I am a therapist in the West of Scotland, working with clients from Renfrewshire, East Renfrewshire and Glasgow. I'm not sure if there is anything specifically distinctive about the types of clients I see, compared to other geographical areas. I really do enjoy working and living in Renfrewshire though.
Paisley, where I grew up and live, has a wealth of beautiful historical churches and other buildings. There is also a rich creative culture in the town celebrating music, art and literature. I really love the sense of community as I feel it is key for an individual's sense of love, belonging and emotional/ mental wellbeing.
What’s your consultation room like?
Due to the ongoing Covid-19 pandemic I have been working from home. I consult with clients via Zoom, Skype, email and telephone. To continue to work as effectively as I would in person, I have dedicated a room in my home where I specifically see all my clients. I write up and store clients notes and other confidential materials there safely, ensuring that each client is offered the privacy and professional service they would expect from a usual face-to-face service.
What do you wish people knew about therapy?
Therapy is a safe, non-judgemental, confidential space where individuals can discuss whatever they feel they need to. There is no specific set of rules for how each session should go. This is particularly true in person-centred therapy as the session is client-led.

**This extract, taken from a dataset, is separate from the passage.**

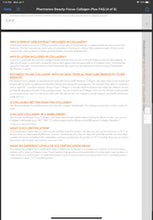 Load image into Gallery viewer, Beauty Focus Collagen | Dibs COLL
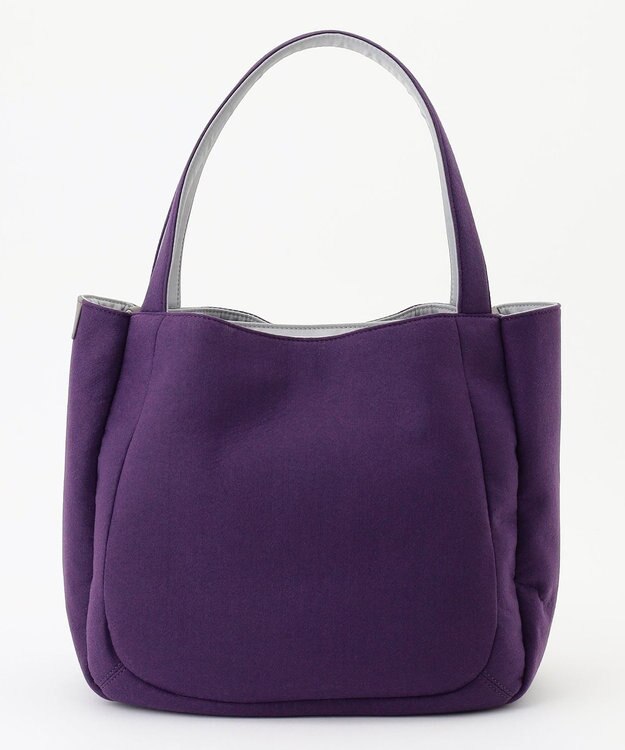 Y'SACCS フェルトトート　Mサイズ パープル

I've spoken with a few friends and clients who have been disheartened by their experience of counselling because of the counsellor they worked with. It's important to choose a counsellor that you feel comfortable with. What works for someone else in a counsellor may not work for you. It's alright to shop around, or discuss with your counsellor what you feel is working and what is not.
Another thing I wish people knew about counselling, is that asking for help when they first notice they are struggling can help you start feeling better sooner and, in some cases, prevent declining mental health from escalating into a diagnosis. It really ought to be just like going to the doctor; when you feel pain, most people would book an appointment when they first notice something off with their physical health. It is completely, 100% appropriate to do the same when experiencing unwanted changes to your mental health.
What did you learn about yourself in therapy?
In therapy I was able to identify unhelpful beliefs I had about myself and others, that were holding me back from fully and truly living the life I knew I wanted and deserved. As a trauma survivor myself, I also faced a lot of hard memories, and was able to grieve and process them. This was difficult but I now mostly live a life free from the pain of those experiences, and I'm able to face new challenges head on.
I've learned invaluable coping skills. Most importantly I learned to value and take care of myself. I also believe that having been in both chairs in the counselling room, I know how daunting it can be to disclose how we feel about certain things, so I really appreciate clients sharing the intimate details of their life with me.